As soon as Broke spotted the
Nautilus
, he bore up and made all sail in chase, displaying American colors. A heavy swell from the north slowed the
Nautilus
and gave the bigger ships an edge. When Broke closed in, he made recognition signals that Crane did not understand. At the same time, Crane hoisted his own private signal and ensign, which Broke did not answer. Not that Crane expected him to; it had been clear from the beginning that this was a British squadron.
Crane was forced to take in sail to preserve spars, while Broke continued to gain. “Every maneuver in trimming ship was tried,” Crane reported, “but this not having the desired effect I ordered the anchors cut from the bows.” Nothing helped. “At nine o’clock the wind became lighter, and the brig labored excessively in the swell.”
With Broke closing in, Crane threw overboard part of his water, the lee guns, and a portion of his round shot. Instantly, the
Nautilus
was relieved and bore her sail with greater ease. But Broke continued to close. By 11 the
Shannon
had pulled within cannon shot, and for some unknown reason, Broke hoisted French colors but held his fire. Seeing no need to destroy the
Nautilus
, he kept pressing forward. At midnight he was within musket shot.
Knowing he could not escape, Crane destroyed his signal books and the dispatches for Rodgers. He then consulted his principal officers and decided to surrender. Crane took in the studding sails and light sails, trained the weather guns aft, and put the helm alee. Broke responded by putting the
Shannon
’s helm up, hoisting a broad pendant and British colors, and ranging up under the
Nautilus
’s lee quarter to accept Crane’s surrender.
In short order, the
Shannon
’s boats rowed over to take possession of the
Nautilus
. They returned later with Lieutenant Crane, who had a strained chat with his captor.
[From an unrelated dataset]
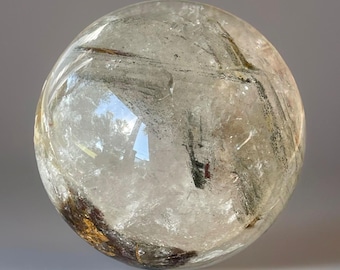 Garden Quartz with Phantom Pyramids XXL Sphere, Scenic Lodolite Crystal Ball, Unique Natural Quartz Collectible Crystal Statement (410)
Broke then put the officers and crew of the
Nautilus
in the battleship
Africa
, except for Crane, whom he sent back to the
Nautilus
as a lone prisoner with a British prize crew. The
Nautilus
was the first British capture of the war, and for the time being, Broke made her part of his squadron.
 
 
WHILE BROKE WAS corralling the
Nautilus
, Captain Isaac Hull was at sea in the newly refurbished
Constitution
, sailing from Chesapeake Bay to New York with orders to join Rodgers and Decatur. Hull departed the Chesapeake Capes on Sunday morning, July 12, with a fine southwesterly breeze, expecting to be off Sandy Hook within five days. His latest orders showed that the president and Secretary Hamilton were still confused about strategy. Rodgers had already left New York, which Hamilton had had time to learn, and he also knew a powerful British squadron was sailing down from Halifax to the New York area. Nonetheless, Hamilton ordered Hull to sail directly into the jaws of Broke’s fleet and certain disaster. “If . . . you fall in with an enemy vessel,” Hamilton wrote, “you will be guided in your proceedings by your own judgment, bearing in mind, however, that you are not voluntarily to encounter a force superior to your own. On your arrival at New York, you will report yourself to Commodore Rodgers. If he should not be in port, you will remain there till further orders.”